Thanks so much. He is a cutie and you are so right...if that is the worst we will be so lucky! He and Quincy were good for each other!


----------



## Winnow (Jan 2, 2010)

Quincy likes to talk 

Your grandson is beautiful and I love the Mohawk.

I am glad that his parents are doing good now, must have been a hard time for you  
I hope they will see this little angle as a blessing and keep clean for him..


----------



## Rockporters (Jan 14, 2010)

Great videos, thanks for posting! I hope your son and his wife are able to stay strong. Gotta stay on the right path for the little ones!


----------



## ArreauStandardPoodle (Sep 1, 2009)

Winnow and Rockporters...thank you very much.
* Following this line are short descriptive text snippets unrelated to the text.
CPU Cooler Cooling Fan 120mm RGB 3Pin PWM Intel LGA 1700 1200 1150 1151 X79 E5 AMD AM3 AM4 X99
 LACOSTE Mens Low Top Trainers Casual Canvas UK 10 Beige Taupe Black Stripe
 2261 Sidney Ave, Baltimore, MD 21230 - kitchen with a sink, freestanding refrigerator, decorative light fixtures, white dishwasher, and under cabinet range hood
My son and the baby's Mom are no longer a couple. Jessy lives with her parents with Carter and Josh has his own place. I would be very surprised if Jessy ever falls. She has done beautifully, as is the poster child for the methadone program, and because she has Carter with her full time, she just needs to look at him for a reason to stay strong. My son still struggles and he only sees Carter two hours once per week and on very special occasions, so it is easier for him to have screw ups. We continue to pray always for all of them, and maybe one day it will all work out and they can be a family. If you are the praying kind, keep them in yours too. It all helps.


----------